Eveleigh said something under his breath. It sounded like a more extreme version of the curse used earlier by the penitentiary guard.
‘You, Monsarrat, have had the honour of making the acquaintance of Socrates McAllister. Not a man whose attention you want to attract.’
Something in Monsarrat’s stomach decided, then, to slither and turn. McAllister he had heard of. McAllister was dangerous. McAllister was a magistrate. But he wielded more than judicial influence. His uncle, Philip, was the most powerful landowner in the district, a grazier whose profitability dwarfed that of surrounding farms.
Philip McAllister, not one given to sparing the feelings of others, made no secret of his disappointment in his nephew’s business skills, and Socrates, who had once had a place reserved for him at the centre of the growing McAllister empire, was now relegated to managing one of his uncle’s smaller farms.

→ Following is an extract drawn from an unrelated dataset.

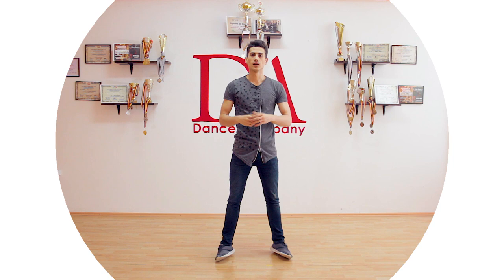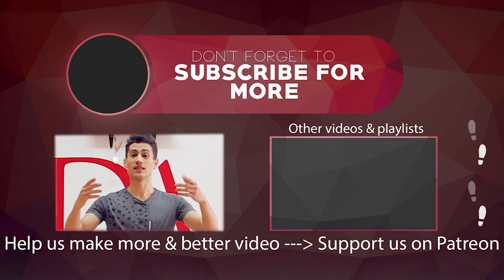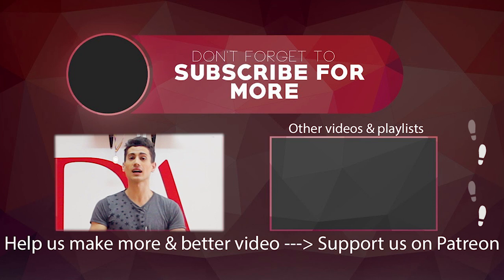Thank you for watching, and remember to subscribe and click the bell button so that YouTube will notify you whenever we upload something new. You can also support us by donating on Patreon. The question of the day is: what's your combination? Type it down in the comments below and we'll see what your idea was and if you did something new. Stick around for the next video — bye-bye!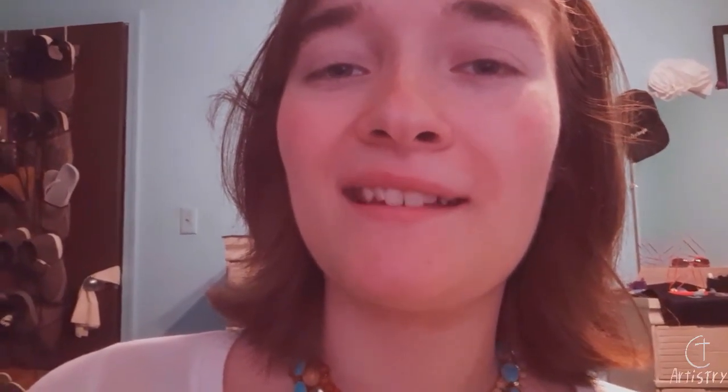All right, that's about all I have to say about that for now. I'm hoping to make another video like this in about two weeks. Next week I'm going to be making a time-lapse voiceover of me making a duck in a basket, so I hope you all stick around for that. I just want to tell you all that God made you special, and he loves you very much. Bye.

The McAllister name was sufficiently respected to procure him not only a seat on the bench but also on the boards of various civic institutions, including the gaol across the street and the Factory. So while Socrates was the least of satellites to his uncle, he still wielded considerable power. And in the absence of the governor, all of those with at least some power were stretching and flexing, testing to see how much influence they could appropriate before the new man arrived.
Respectable though McAllister looked, there were rumours, if one cared to listen – and Monsarrat always did, prided himself on being a silent receiver of information – of under-the-table deals involving rum, fabric, wool. Suggestions of usury. Rumours too of threats, and beatings administered at arm’s length – in this place where the majority of the free folk used to be otherwise, it was not hard to convince a man to accept a monetary inducement for bringing street justice to another.
There was even talk that a particular man known to be late in his payments to his creditors – and whether those creditors included McAllister could only be guessed at – had returned home one evening and found the structure which had housed him until that morning had been pulled to the ground.
‘Well, I shall make sure I stay out of his way then, sir,’ said Monsarrat.
‘You might not be able to. If he takes an interest in you, you will suddenly find him around every corner. Let us hope he’s decided you’re not important enough to be bothered with. Especially since he’s become an ally to the good reverend now.’
Monsarrat had heard that the Reverend Horace Bulmer had achieved his long-held ambition of a seat on the Parramatta bench. An alliance between him and McAllister, especially one directed at Monsarrat, was not one he wanted to contemplate.
‘Nevertheless,’ said Eveleigh, ‘if you can stay out of his way, it will be all to the good. There have been … consequences … in the past for those who haven’t.’
Monsarrat wanted to ask what those consequences were, and on whom they had fallen. But Eveleigh held up his hand. ‘Enough of that for now. You have my permission to spend one hour in the cellar – God rot you and your cursed luck, getting out of this heat – however, if you’re unable to find anything in that time, that will be an end to the matter.’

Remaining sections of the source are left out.